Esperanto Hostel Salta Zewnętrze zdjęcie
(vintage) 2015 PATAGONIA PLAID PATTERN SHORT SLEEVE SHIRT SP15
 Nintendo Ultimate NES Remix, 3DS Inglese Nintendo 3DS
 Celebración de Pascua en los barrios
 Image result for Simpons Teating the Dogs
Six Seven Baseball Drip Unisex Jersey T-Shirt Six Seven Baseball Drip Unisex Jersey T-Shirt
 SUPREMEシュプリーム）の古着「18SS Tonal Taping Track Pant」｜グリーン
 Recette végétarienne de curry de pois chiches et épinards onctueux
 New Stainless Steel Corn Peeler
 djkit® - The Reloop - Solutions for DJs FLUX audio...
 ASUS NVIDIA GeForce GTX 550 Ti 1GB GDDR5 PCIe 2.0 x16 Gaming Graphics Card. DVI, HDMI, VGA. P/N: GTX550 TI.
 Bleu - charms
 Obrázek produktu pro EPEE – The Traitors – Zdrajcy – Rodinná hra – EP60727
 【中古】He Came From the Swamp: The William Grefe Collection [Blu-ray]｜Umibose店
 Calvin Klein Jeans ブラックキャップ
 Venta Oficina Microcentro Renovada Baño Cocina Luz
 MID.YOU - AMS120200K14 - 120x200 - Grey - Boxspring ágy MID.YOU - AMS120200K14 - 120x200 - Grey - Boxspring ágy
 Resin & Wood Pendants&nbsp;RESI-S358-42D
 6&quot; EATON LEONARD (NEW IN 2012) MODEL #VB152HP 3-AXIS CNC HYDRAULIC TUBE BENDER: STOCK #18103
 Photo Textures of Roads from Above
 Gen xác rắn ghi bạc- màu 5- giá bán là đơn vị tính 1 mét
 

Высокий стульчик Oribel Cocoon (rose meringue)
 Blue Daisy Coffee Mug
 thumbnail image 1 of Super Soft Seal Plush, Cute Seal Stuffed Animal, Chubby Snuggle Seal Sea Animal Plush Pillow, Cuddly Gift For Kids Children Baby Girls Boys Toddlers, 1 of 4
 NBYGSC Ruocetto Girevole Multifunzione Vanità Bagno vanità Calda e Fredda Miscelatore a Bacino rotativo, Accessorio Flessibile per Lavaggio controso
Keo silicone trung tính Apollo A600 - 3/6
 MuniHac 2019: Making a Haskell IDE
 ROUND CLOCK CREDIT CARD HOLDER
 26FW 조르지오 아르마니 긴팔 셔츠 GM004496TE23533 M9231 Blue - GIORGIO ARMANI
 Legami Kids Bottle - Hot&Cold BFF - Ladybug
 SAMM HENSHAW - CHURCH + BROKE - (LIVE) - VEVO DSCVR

■ ■ ■ ■ ■

Retype the records above exactly as they appear.

THE COMPLETED TASK:
Esperanto Hostel Salta Zewnętrze zdjęcie
(vintage) 2015 PATAGONIA PLAID PATTERN SHORT SLEEVE SHIRT SP15
 Nintendo Ultimate NES Remix, 3DS Inglese Nintendo 3DS
 Celebración de Pascua en los barrios
 Image result for Simpons Teating the Dogs
Six Seven Baseball Drip Unisex Jersey T-Shirt Six Seven Baseball Drip Unisex Jersey T-Shirt
 SUPREMEシュプリーム）の古着「18SS Tonal Taping Track Pant」｜グリーン
 Recette végétarienne de curry de pois chiches et épinards onctueux
 New Stainless Steel Corn Peeler
 djkit® - The Reloop - Solutions for DJs FLUX audio...
 ASUS NVIDIA GeForce GTX 550 Ti 1GB GDDR5 PCIe 2.0 x16 Gaming Graphics Card. DVI, HDMI, VGA. P/N: GTX550 TI.
 Bleu - charms
 Obrázek produktu pro EPEE – The Traitors – Zdrajcy – Rodinná hra – EP60727
 【中古】He Came From the Swamp: The William Grefe Collection [Blu-ray]｜Umibose店
 Calvin Klein Jeans ブラックキャップ
 Venta Oficina Microcentro Renovada Baño Cocina Luz
 MID.YOU - AMS120200K14 - 120x200 - Grey - Boxspring ágy MID.YOU - AMS120200K14 - 120x200 - Grey - Boxspring ágy
 Resin & Wood Pendants&nbsp;RESI-S358-42D
 6&quot; EATON LEONARD (NEW IN 2012) MODEL #VB152HP 3-AXIS CNC HYDRAULIC TUBE BENDER: STOCK #18103
 Photo Textures of Roads from Above
 Gen xác rắn ghi bạc- màu 5- giá bán là đơn vị tính 1 mét
 

Высокий стульчик Oribel Cocoon (rose meringue)
 Blue Daisy Coffee Mug
 thumbnail image 1 of Super Soft Seal Plush, Cute Seal Stuffed Animal, Chubby Snuggle Seal Sea Animal Plush Pillow, Cuddly Gift For Kids Children Baby Girls Boys Toddlers, 1 of 4
 NBYGSC Ruocetto Girevole Multifunzione Vanità Bagno vanità Calda e Fredda Miscelatore a Bacino rotativo, Accessorio Flessibile per Lavaggio controso
Keo silicone trung tính Apollo A600 - 3/6
 MuniHac 2019: Making a Haskell IDE
 ROUND CLOCK CREDIT CARD HOLDER
 26FW 조르지오 아르마니 긴팔 셔츠 GM004496TE23533 M9231 Blue - GIORGIO ARMANI
 Legami Kids Bottle - Hot&Cold BFF - Ladybug
 SAMM HENSHAW - CHURCH + BROKE - (LIVE) - VEVO DSCVR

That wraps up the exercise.